I also have Cherokee running as a reverse proxy (local) to a small Flask app. With the Spawning timeout as default (should be 3 seconds), I would expect it to wait while spawning the app process. Instead, it gives up and immediately serves a 502.

An immediate browser refresh then produces the correct results.

Changing the timeout has no apparent effect, unless I'm misunderstanding how that field works.

@skinkie
Collaborator

The spawning timeout refers to the time between 'respawning' a new process as far as I know. When the sources as exhausted for one reason or another Cherokee backs-off for a while prior to retrying to do it again.

I think in tho google bugtracker there is also a bug by me that asks if the user that firstly requests a page could be put on hold prior to serving the broken request. (You seem to agree with me that the F5 option works).

@mdavid
Collaborator

A 502 Bad Gateway error suggests a communication error between the server and specified proxy.

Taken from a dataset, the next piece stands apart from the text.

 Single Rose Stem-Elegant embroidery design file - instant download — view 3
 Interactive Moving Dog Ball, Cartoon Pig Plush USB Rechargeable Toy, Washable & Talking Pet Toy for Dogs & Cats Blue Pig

https://tools.ietf.org/html/rfc2616#page-70

10.5.3 502 Bad Gateway

The server, while acting as a gateway or proxy, received an invalid
response from the upstream server it accessed in attempting to
fulfill the request.

In this regard, Cherokee is simply taking what was returned by the proxied Flask app in the response stream and, as per the specification, parsing the response and translating it into the appropriate response to send to the request client. My guess is that Flask is configured to immediately return a 502 response to any requests made during its startup process that it is as of yet unable to process rather than holding the connection open while the process completes. Not sure if it can be configured to wait until the startup process completes before returning a response, but I can understand why they may choose the immediate return rather than holding on to connections (flooding resource requests overwhelming the system and causing a system lock if a service goes being the primary reason) but I can't say for sure. Regardless, this isn't an issue with Cherokee.

@skinkie
Collaborator

I disagree here. I think what happens:

1) User makes a requests
2) Cherokee didn't spin up the backend yet
3) Cherokee replies this to the user
4) In the mean time Cherokee has set up the backend
5) The user does another request, which is instantly served over the balancer infrastructure

@mdavid
Collaborator

If this were the case (I haven't checked the code just yet to verify) then you're right, Cherokee would be incorrectly dealing with the request. However, my own experience with Cherokee launching a given service has been that of waiting for:

a) A response from the service.
b) A TTL timeout

In the first case the response can be anything the service wants it to be. e.g. 502
In the second case, my experience has always been Cherokee returning a 503 Service Unavailable response which as per @klou's experience, is fixed by simply making a new request that in turn waits for a response or for the TTL timeout period to expire, whichever comes first.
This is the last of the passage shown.